Exercise goal → From the line containing "22 Hodge Avenue, Ansonia, CT 06401" through the end of the material below, output each line exactly as written, with pictures excluded.

Dataset extract →

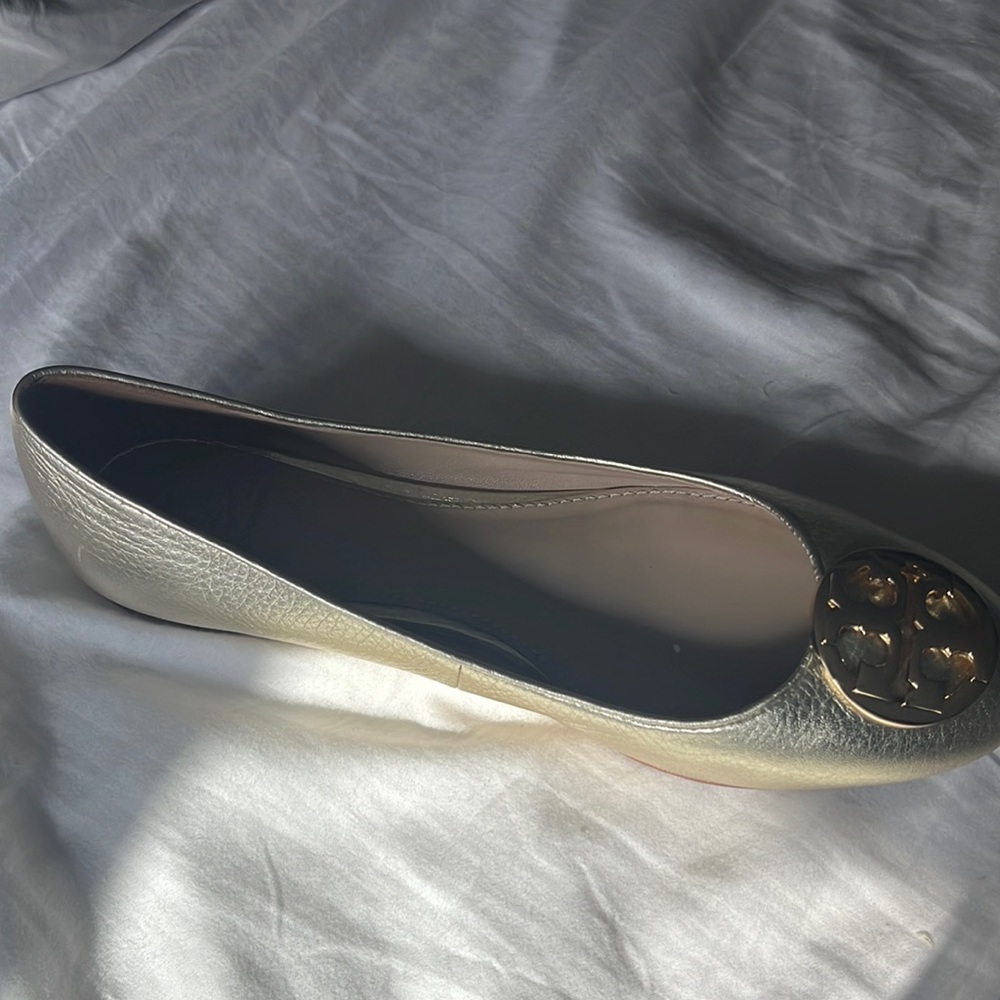 8 1/2 Tory Burch flats almost brand new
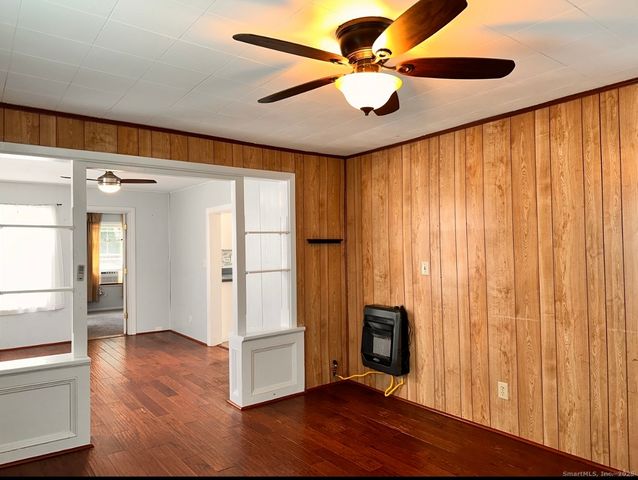 22 Hodge Avenue, Ansonia, CT 06401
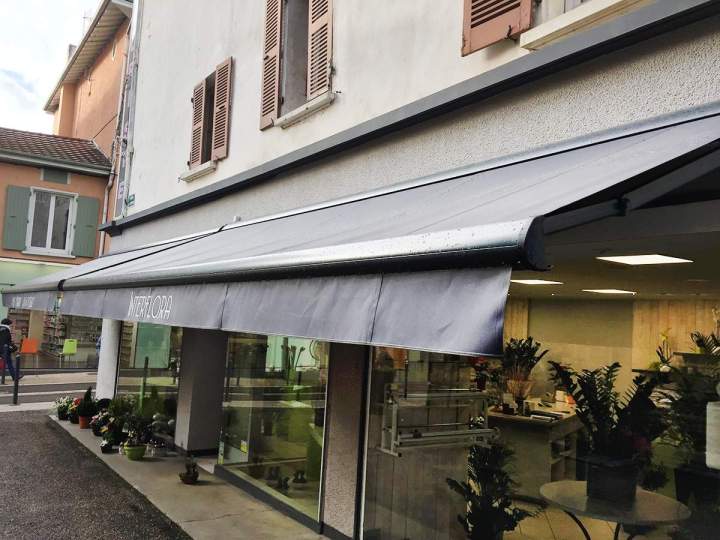 Pose soignée de stores intérieurs et extérieurs.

Exercise result →
 22 Hodge Avenue, Ansonia, CT 06401
 Pose soignée de stores intérieurs et extérieurs.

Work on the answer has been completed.